Pentoxifylline has immunosuppressive actions by interfering with neutrophil adherence and inhibition of lymphocyte activation.5,6 Trental (pentoxifylline) 400 mg three times per day for one month was effective in reducing the number of recurrent aphthous stomatitis episodes for up to 9 months post therapy. No side effects were reported.5

Conclusion

Given the prevalence of aphthous stomatitis, primary care physicians should become familiar with its presentation and management. Oral ulceration could be caused by a variety of diseases, thus physicians need to carefully evaluate patients who present with oral ulcers. Treatment of recurrent aphthous stomatitis should focus on pain management. However, in major aphthous stomatitis, medication may be used to promote ulcer healing and prevent future outbreaks.

REFERENCES
1. Rodu B, Mattingly G. Oral mucosal ulcers: diagnosis and management. J Am Dent Assoc. 1992 Oct;123(10):83-86.
2. Petersen MJ, Baughman RA. Recurrent aphthous stomatitis: primary care management. Nurse Pract. 1996 May;21(5):36-40, 42, 47.
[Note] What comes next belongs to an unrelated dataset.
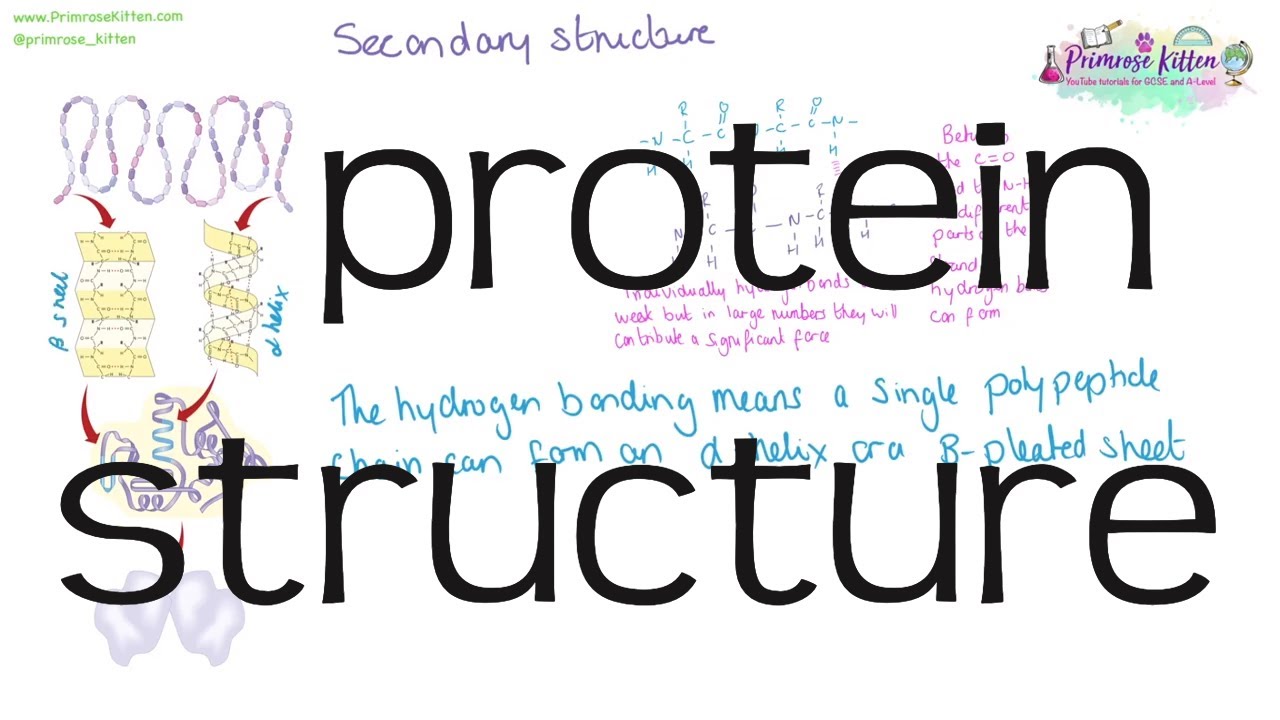 Protein structure | Revision for Biology A-Level or IB - YouTube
3. Fischman SL. Oral ulcerations. Semin Dermatol. 1994 Jun;13(2):74-77.
4. Schneider LC, Schneider AE. Diagnosis of oral ulcers. Mt Sinai J Med. 1998 Oct-Nov;65(5-6):383-387.
5. Porter SR, Scully C, Pedersen A. Recurrent aphthous stomatitis. Crit Rev Oral Biol Med. 1998;9(3):306-321.
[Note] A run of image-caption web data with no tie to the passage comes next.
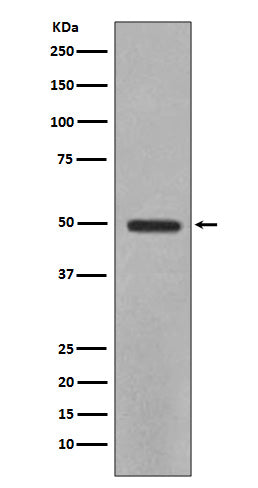 YB1 Rabbit Polyclonal Antibody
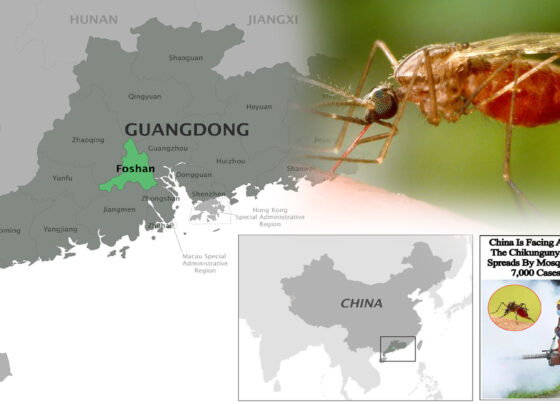 Another terrible virus in China.. 7 thousand cases registered per month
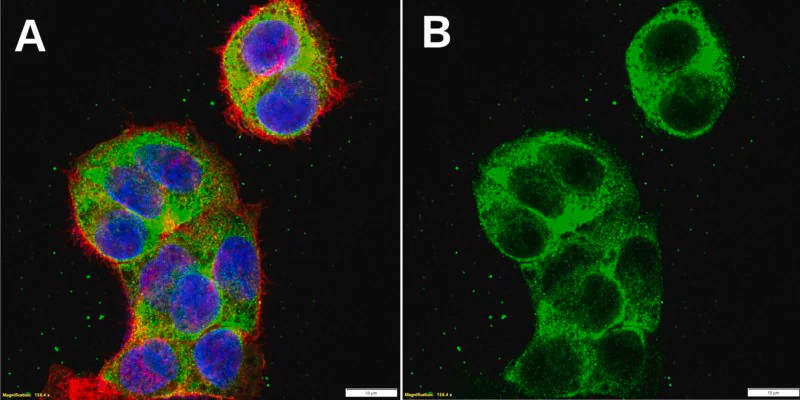 [ZRB2534-4X25UL] Anti-Perilipin-2 Antibody, clone 1F9 ZooMAb ® Rabbit Monoclonal (4 x 25 μL)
6. MacPhail L. Topical and systemic therapy for recurrent aphthous stomatitis. Semin Cutan Med Surg. 1997 Dec;16(4):301-307.
7. Rogers RS 3rd. Recurrent aphthous stomatitis: clinical characteristics and associated systemic disorders. Semin Cutan Med Surg. 1997 Dec;16(4):278-283.
8. Marshall GS, Edwards KM, Butler J, Lawton AR. Syndrome of periodic fever, pharyngitis, and aphthous stomatitis. J Pediatr. 1987 Jan;110(1):43-46.